# 🎓 From Scores to Seats: The Grad School ML Challenge

Welcome to the starter notebook for this beginner-friendly data science hackathon! In this challenge, your goal is to build a machine learning model that can predict whether a student will be admitted into a graduate program based on their academic profile.

This notebook will walk you through a simple end-to-end pipeline:
- Loading and exploring the data
- Preprocessing
- Training a baseline model
- Making predictions
- Preparing a submission

---

## 📦 Files
- `train.csv`: Training data (features + target)
- `test.csv`: Test data (features only)
- `SampleSubmission.csv`: Format for submitting predictions

---

## 🧠 Target Variable
- `Admitted`: 1 if the student was admitted, 0 otherwise

Let's get started! 🚀


In [None]:
# 📚 Importing Libraries
import pandas as pd
import numpy as np
import matplotlib.pyplot as plt
import seaborn as sns
from sklearn.model_selection import train_test_split
from sklearn.ensemble import RandomForestClassifier
from sklearn.metrics import classification_report, accuracy_score

In [None]:
# 📥 Load the Data
train = pd.read_csv("train.csv")
test = pd.read_csv("test.csv")
sample_submission = pd.read_csv("SampleSubmission.csv")

# Peek at the data
train.head()

## 🔍 Exploratory Data Analysis (EDA)
Let’s explore the training data to understand the features and target.

In [None]:
train.info()

### 🏷️ Encoding 'Location'

We used **one-hot encoding** to convert the categorical `Location` column into numeric format. This creates binary columns for each unique location (excluding one to avoid redundancy):


In [None]:
train['Location'].value_counts()

In [None]:
train.isnull().sum()

In [None]:
# Fill missing numeric values with the mean of each column
numeric_cols = ['GRE Score', 'TOEFL Score', 'SOP', 'CGPA']
train[numeric_cols] = train[numeric_cols].fillna(train[numeric_cols].mean())

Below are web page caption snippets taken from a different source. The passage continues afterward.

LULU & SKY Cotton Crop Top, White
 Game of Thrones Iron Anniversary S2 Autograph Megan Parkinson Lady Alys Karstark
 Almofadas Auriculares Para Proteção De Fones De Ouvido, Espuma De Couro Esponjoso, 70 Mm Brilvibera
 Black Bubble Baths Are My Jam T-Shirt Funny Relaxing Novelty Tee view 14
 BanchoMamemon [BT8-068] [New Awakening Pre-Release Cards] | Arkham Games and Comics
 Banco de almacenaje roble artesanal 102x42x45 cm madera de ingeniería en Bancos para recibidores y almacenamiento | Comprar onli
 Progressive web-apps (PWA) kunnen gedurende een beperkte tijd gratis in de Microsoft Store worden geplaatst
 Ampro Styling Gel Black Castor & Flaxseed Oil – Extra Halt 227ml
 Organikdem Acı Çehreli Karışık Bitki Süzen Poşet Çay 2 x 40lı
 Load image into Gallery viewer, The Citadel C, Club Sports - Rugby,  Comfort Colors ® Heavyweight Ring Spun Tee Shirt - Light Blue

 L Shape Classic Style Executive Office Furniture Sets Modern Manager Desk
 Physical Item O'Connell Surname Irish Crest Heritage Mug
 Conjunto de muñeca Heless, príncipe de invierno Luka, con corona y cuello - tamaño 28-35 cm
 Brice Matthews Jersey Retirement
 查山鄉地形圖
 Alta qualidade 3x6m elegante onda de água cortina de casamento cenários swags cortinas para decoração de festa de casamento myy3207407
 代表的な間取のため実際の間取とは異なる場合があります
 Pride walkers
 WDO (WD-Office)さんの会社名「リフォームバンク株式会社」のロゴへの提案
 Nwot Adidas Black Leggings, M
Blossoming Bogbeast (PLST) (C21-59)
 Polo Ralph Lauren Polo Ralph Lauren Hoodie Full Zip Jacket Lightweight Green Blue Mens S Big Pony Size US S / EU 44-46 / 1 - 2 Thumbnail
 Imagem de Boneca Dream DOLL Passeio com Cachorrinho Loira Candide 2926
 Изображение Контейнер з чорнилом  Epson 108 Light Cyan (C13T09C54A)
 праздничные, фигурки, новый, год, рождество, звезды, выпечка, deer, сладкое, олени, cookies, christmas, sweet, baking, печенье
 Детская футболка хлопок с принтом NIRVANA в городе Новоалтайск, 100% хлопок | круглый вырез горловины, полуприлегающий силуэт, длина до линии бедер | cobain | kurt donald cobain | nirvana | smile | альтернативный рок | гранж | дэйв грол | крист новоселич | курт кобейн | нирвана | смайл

# Double check to confirm missing values are handled
print("Remaining missing values:", train.isnull().sum().sum())

In [None]:
# Fill missing numeric values with the mean of each column
numeric_cols = ['GRE Score', 'TOEFL Score', 'SOP', 'CGPA']
test[numeric_cols] = test[numeric_cols].fillna(test[numeric_cols].mean())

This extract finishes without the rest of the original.